(Short descriptive text snippets)
────────────────────

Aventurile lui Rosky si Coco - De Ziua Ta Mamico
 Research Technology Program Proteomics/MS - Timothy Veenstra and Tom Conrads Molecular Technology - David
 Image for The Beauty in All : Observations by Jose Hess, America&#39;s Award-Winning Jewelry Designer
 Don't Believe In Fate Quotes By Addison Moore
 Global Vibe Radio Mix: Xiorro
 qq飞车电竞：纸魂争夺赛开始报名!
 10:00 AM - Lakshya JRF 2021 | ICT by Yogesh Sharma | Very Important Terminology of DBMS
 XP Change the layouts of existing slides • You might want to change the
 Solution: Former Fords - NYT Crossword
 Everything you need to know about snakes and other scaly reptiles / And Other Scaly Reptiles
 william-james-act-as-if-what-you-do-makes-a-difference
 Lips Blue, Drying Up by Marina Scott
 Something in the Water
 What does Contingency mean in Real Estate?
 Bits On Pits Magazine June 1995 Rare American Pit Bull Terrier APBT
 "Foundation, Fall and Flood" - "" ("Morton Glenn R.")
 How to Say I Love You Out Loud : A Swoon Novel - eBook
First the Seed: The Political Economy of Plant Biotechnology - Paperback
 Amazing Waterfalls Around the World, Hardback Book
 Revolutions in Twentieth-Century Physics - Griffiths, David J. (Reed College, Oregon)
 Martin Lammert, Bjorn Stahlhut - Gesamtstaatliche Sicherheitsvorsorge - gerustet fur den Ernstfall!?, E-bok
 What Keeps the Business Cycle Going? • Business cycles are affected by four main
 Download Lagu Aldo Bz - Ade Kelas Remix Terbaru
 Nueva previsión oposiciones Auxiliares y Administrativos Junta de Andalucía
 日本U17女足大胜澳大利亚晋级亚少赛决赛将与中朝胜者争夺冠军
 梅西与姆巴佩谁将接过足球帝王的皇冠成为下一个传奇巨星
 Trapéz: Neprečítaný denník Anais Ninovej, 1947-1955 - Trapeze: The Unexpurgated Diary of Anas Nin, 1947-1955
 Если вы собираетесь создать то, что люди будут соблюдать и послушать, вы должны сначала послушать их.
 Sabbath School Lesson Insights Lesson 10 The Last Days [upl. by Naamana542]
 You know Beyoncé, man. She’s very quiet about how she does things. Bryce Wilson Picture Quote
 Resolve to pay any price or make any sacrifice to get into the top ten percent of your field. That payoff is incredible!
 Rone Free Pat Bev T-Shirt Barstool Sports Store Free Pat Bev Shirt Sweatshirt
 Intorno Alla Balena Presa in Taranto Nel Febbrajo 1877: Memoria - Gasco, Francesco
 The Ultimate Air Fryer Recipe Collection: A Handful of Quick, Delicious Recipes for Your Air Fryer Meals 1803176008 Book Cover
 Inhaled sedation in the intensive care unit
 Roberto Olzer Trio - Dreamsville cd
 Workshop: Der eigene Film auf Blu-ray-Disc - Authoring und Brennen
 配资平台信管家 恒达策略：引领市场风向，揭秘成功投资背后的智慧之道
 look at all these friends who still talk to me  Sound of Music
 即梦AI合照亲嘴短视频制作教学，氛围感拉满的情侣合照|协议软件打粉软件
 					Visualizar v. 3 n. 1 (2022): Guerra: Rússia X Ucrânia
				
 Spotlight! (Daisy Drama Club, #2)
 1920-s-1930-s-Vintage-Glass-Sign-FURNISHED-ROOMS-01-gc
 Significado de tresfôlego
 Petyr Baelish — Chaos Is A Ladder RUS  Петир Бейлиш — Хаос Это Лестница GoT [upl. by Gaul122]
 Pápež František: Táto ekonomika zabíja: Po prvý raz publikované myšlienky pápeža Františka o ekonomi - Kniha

────────────────────

**Activity:**
Every line above that holds "does" should be copied out.

**Result below:**
 What does Contingency mean in Real Estate?
 You know Beyoncé, man. She’s very quiet about how she does things. Bryce Wilson Picture Quote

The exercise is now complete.